Damit ist der Streit aber nicht beendet. Kürzlich wurde Kinzler von seiner Universität für vier Monate beurlaubt. Nun haben 40 Wissenschaftler in einem öffentlichen Brief Solidarität mit Kinzler bekundet.

"Vorwürfe sind geradezu kriminell"

Jürgen Ritte, Professor für Literaturwissenschaft an der Sorbonne in Paris, nennt die Vorwürfe gegen Kinzler haltlos. Hier wolle eine Minderheit ihre Ideologie durchsetzen. „Das ist nicht wissenschaftlich, sondern geradezu kriminell“, sagt Ritte.
Er verweist darauf, dass gegen einige Studierende, die sich gegen Kinzler engagierten, nach dem Untersuchungsbericht des Ministeriums ein Disziplinarverfahren eingeleitet worden sei.

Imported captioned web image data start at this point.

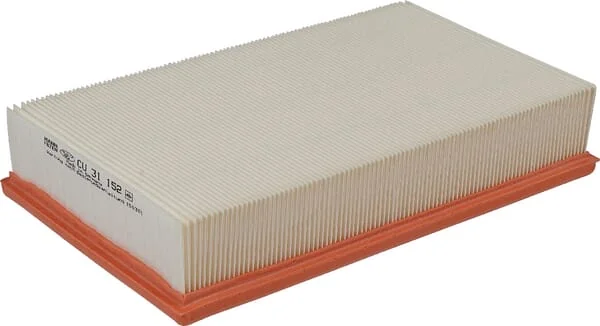Mann Filter - CU31152 - Innenraumfilter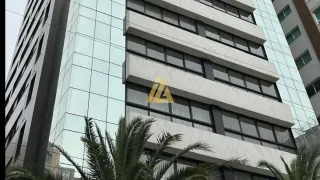 Apartamento com 2 dormitórios, foto 2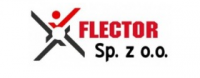 FLECTOR Sp. z o.o.
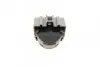 Контактна група Ford Fiesta/Focus/Fusion/Mondeo/Connect/Custom/Transit 1.0-3.2D 98- AIC 56613 (фото 2)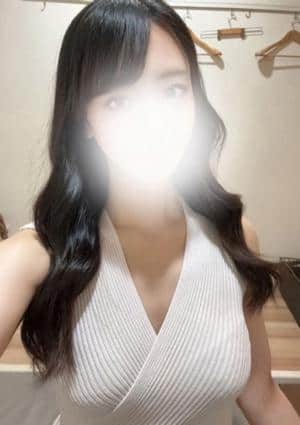 Chloe 小倉えみ
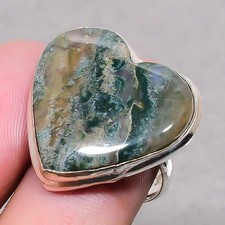 Anello gioiello regolabile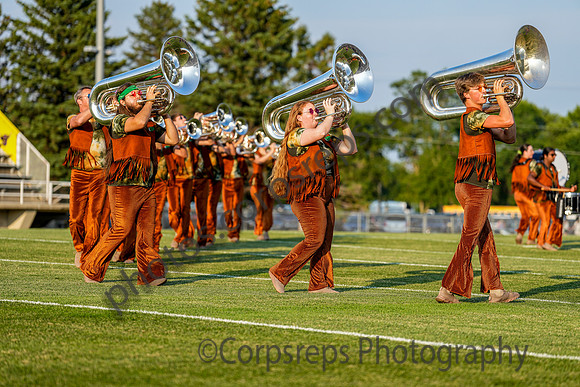 Govenaires_240709_Mankato2024-07-09-Mankato-06879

Die Studierenden, die gegen Kinzler protestierten, kämen aus dem Milieu des „islamogauchisme“. „Es sind Leute, die den Wokismus auf eine Spitze getrieben haben, in der es absolut verboten ist, überhaupt noch etwas Kritisches zu der Religion des Islam zu sagen.“
Dabei müsse unterschieden werden zwischen einem Rassismus gegen die arabisch-stämmige Bevölkerung, wie er von Politikern wie dem Präsidentschaftskandidaten Eric Zemmour betrieben werde, und einer Religionskritik, betont Ritte. Das werde von diesen Studierenden, die nicht unbedingt Muslime seien, verweigert.
In dem offenen Brief forderten Wissenschaftler nun ein Machtwort der zuständigen Ministerin. Inwieweit diese das überhaupt tun könne, sei zweifelhaft, sagt Ritte. Denn eigentlich solle das Ministerium sich aus Angelegenheiten der Universitäten heraushalten.
Wichtig zu wissen sei auch, dass sich nur wenige linke Professoren auf Kinzlers Seite gestellt hätten. „Er wird jetzt unterstützt von Rechten, die anti-arabisch eingestellt sind. Das vertritt Kinzler in keiner Weise“ betont Ritte.